(DATA BLOCK)

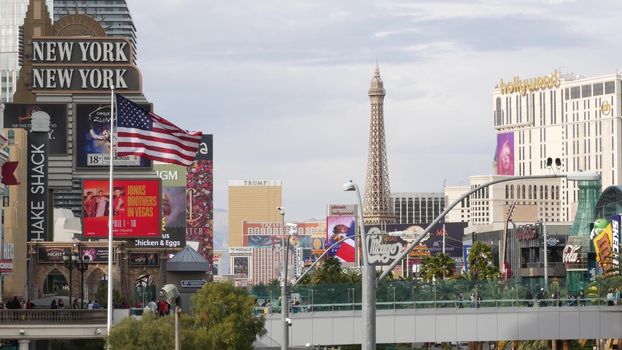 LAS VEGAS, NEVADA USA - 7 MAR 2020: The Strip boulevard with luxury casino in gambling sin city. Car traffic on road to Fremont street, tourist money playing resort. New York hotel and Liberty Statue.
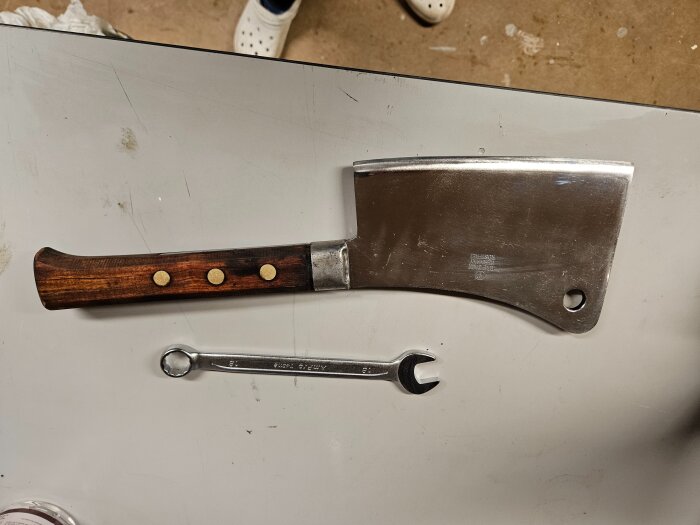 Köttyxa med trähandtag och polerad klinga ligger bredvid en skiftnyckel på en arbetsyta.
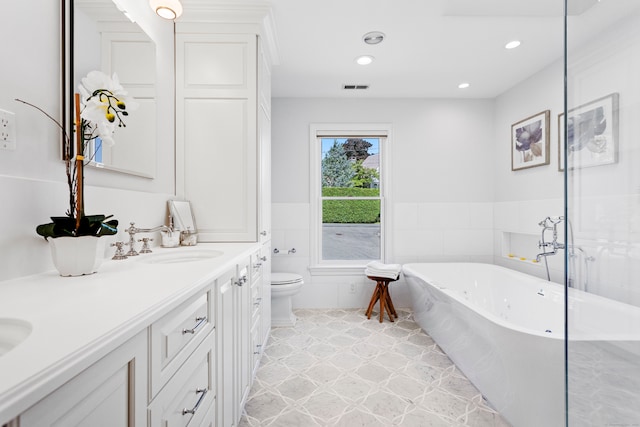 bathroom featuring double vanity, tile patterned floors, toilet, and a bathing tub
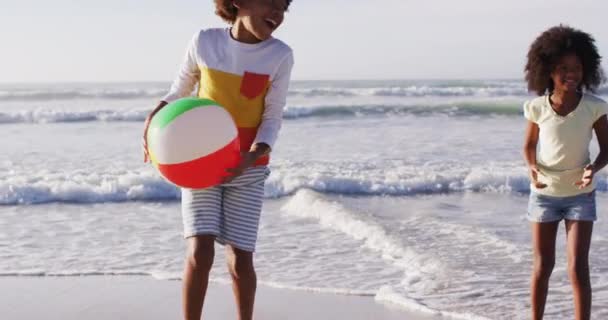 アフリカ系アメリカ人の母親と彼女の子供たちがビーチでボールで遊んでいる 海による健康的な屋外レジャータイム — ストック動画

(WHAT YOU HAVE TO DO) Go through the data and return every word of it verbatim, leaving out the pictures.

(ANSWER)
 LAS VEGAS, NEVADA USA - 7 MAR 2020: The Strip boulevard with luxury casino in gambling sin city. Car traffic on road to Fremont street, tourist money playing resort. New York hotel and Liberty Statue.
 Köttyxa med trähandtag och polerad klinga ligger bredvid en skiftnyckel på en arbetsyta.
 bathroom featuring double vanity, tile patterned floors, toilet, and a bathing tub
 アフリカ系アメリカ人の母親と彼女の子供たちがビーチでボールで遊んでいる 海による健康的な屋外レジャータイム — ストック動画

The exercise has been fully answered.